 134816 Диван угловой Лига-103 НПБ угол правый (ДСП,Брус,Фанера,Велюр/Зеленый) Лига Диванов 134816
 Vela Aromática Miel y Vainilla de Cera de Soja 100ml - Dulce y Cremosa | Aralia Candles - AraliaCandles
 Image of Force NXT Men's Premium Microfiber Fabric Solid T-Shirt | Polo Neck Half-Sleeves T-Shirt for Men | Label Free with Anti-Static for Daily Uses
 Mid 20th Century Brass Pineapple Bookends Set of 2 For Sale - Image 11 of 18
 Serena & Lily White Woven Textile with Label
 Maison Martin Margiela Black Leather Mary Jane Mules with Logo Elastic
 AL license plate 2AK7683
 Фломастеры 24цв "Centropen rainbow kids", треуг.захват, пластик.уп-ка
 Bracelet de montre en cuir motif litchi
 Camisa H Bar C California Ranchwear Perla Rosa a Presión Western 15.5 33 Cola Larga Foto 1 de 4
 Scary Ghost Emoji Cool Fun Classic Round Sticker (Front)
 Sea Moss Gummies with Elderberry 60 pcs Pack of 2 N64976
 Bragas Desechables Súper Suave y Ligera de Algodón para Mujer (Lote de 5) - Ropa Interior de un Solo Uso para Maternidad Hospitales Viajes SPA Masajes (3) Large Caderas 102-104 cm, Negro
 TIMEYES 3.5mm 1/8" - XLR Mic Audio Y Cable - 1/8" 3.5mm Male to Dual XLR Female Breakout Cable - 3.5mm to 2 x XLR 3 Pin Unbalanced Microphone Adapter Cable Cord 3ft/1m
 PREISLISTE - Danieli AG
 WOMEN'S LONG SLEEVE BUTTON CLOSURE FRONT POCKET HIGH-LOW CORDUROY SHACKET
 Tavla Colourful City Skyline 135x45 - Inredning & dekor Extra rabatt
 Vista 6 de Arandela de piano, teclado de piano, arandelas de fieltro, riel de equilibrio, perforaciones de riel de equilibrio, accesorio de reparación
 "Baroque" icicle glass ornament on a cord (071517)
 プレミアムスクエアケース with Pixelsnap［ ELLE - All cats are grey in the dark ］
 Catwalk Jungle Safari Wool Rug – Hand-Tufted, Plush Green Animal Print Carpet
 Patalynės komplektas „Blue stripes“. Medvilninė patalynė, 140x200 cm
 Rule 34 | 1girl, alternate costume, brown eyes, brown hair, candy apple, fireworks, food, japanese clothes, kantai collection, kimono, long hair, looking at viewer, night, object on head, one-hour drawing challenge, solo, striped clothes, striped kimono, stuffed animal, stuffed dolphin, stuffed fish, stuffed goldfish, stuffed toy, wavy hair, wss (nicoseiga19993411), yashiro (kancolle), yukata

☆ ☆ ☆

Goal of the exercise:
Find the string "Label" in the data. Report each line it appears in.

Result of the task:
 Image of Force NXT Men's Premium Microfiber Fabric Solid T-Shirt | Polo Neck Half-Sleeves T-Shirt for Men | Label Free with Anti-Static for Daily Uses
 Serena & Lily White Woven Textile with Label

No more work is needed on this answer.